Auch im Februar besteht noch die Gefahr, auf vereisten Straßen ins Rutschen zu kommen. Das Bundessozialgericht beschäftigte sich nun mit der Frage, wann ein Arbeitsunfall bei Glatteis vorliegt. Es hat entschieden, dass ein Test auf Glatteis keinen Arbeitsunfall darstellt. Ein Mann prüfte an einem kalten Wintermorgen die Straße auf Glätte, weil er einen Unfall auf dem Weg zur Arbeit vermeiden wollte. Er stürzte bei dieser Kontrolle und die Unfallkasse verweigerte die Zahlung.
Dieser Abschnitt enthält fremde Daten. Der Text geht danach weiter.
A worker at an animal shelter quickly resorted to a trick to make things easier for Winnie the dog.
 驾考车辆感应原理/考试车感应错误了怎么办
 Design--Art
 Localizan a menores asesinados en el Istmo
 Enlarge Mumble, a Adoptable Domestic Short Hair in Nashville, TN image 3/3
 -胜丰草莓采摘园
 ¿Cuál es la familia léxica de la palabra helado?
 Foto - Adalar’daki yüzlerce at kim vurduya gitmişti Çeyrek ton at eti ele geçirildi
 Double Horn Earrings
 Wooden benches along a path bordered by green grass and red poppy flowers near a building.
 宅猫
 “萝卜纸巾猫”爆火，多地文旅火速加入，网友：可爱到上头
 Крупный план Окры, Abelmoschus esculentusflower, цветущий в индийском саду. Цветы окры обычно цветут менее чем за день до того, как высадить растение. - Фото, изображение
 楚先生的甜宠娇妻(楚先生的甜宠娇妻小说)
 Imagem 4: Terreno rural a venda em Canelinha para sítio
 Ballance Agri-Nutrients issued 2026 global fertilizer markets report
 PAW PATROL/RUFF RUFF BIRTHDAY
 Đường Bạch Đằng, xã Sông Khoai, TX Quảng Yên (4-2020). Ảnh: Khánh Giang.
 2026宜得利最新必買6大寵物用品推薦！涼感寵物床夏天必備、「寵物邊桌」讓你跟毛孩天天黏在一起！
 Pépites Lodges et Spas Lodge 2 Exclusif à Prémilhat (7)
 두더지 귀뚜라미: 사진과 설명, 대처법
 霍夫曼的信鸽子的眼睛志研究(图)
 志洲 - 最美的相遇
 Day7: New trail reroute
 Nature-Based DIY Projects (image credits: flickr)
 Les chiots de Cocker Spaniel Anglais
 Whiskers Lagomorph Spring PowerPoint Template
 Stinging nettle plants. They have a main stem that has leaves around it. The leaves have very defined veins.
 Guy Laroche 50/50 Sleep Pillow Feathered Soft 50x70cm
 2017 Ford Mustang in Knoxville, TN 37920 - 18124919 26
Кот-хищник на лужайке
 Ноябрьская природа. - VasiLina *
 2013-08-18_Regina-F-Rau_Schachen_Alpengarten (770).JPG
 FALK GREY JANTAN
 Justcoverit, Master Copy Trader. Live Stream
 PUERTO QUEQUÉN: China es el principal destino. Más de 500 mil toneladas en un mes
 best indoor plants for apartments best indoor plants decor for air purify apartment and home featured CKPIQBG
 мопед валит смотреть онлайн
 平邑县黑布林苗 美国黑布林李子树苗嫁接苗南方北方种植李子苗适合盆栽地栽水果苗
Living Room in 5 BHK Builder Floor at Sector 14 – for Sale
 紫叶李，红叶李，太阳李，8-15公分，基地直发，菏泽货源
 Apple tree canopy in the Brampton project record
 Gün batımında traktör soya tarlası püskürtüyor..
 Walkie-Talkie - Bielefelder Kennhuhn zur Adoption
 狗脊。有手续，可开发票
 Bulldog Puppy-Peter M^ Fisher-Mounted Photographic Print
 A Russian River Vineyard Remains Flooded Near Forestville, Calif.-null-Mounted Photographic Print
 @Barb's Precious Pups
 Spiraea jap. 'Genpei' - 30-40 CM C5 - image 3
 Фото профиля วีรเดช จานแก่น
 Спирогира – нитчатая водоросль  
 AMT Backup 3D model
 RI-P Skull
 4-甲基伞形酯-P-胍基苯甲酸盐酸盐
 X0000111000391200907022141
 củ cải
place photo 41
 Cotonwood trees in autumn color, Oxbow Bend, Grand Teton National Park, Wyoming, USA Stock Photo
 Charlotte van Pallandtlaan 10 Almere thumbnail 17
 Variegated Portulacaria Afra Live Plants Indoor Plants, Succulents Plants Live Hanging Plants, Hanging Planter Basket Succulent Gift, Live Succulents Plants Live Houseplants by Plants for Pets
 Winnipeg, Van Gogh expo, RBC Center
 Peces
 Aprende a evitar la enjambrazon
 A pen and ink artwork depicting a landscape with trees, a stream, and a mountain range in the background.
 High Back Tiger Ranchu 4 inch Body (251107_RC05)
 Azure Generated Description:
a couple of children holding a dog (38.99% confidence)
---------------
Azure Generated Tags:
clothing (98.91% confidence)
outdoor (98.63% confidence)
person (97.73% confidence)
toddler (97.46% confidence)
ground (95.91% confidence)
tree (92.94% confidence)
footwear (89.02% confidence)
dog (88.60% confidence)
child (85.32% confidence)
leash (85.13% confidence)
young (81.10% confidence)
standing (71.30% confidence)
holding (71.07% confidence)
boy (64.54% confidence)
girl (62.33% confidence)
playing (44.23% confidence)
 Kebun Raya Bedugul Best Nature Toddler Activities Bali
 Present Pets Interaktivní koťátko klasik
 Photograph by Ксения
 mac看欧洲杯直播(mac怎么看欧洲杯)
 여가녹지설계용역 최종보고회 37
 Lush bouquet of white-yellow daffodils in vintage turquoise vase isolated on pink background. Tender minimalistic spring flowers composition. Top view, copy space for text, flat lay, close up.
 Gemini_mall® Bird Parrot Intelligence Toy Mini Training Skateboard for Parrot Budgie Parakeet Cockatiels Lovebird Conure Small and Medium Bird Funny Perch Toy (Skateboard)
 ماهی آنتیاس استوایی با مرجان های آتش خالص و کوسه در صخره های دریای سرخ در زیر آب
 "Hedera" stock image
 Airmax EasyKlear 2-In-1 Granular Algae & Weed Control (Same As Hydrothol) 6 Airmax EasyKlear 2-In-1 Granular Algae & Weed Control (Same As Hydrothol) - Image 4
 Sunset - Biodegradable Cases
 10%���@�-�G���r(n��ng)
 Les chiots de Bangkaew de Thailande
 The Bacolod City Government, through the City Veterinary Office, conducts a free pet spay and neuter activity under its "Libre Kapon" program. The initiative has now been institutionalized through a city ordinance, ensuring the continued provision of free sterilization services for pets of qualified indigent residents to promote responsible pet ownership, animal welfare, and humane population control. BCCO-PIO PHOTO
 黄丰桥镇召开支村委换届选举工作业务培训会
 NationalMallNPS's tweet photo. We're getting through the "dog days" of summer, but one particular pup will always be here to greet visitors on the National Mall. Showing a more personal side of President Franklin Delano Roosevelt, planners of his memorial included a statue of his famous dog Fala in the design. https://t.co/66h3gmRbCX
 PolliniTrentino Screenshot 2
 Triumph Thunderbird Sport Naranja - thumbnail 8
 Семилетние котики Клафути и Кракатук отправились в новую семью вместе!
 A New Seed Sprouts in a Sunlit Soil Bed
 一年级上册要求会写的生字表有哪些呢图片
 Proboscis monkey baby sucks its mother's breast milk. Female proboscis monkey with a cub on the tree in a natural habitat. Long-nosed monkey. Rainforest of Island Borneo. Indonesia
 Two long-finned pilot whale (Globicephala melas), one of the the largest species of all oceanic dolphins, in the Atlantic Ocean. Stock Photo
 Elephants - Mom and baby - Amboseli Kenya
Sie sah darin keinen Arbeitsunfall. Das Gericht gab ihr nun Recht.
Vorbereitungshandlungen gehören in der Regel nicht zum Arbeitsweg
Ein Arbeitsunfall bei Glatteis liege in diesem Fall nicht vor, entschied das Bundessozialgericht (Az. B 2 U 3/16 R). In seiner Pressemitteilung vom 23. Januar 2018 heißt es hierzu:
„Prüft ein Arbeitnehmer, bevor er mit dem Auto zur Arbeit fährt, ob die Fahrbahn glatt ist und verletzt sich auf dem Rückweg zu seinem Auto, liegt darin kein versicherter Arbeitsunfall.“
In dem zu beurteilenden Fall hatte der Kläger nach Verlassen seines Wohnhaues seine Arbeitstasche in sein Auto gelegt, das auf seinem Grundstück stand. Anschließend ging er von seinem Grundstück auf die öffentliche Straße und prüfte dort die Fahrbahn auf Glatteis. Auf dem Weg zurück zum Auto stürzte er an einer Bordsteinkante und verletzte sich dabei am rechten Arm. Das Gericht sah darin keinen Arbeitsunfall bei Glatteis und begründete dies wie folgt:
- Nur der unmittelbare direkte Weg zur Arbeit ist von der gesetzlichen Unfallversicherung abgedeckt.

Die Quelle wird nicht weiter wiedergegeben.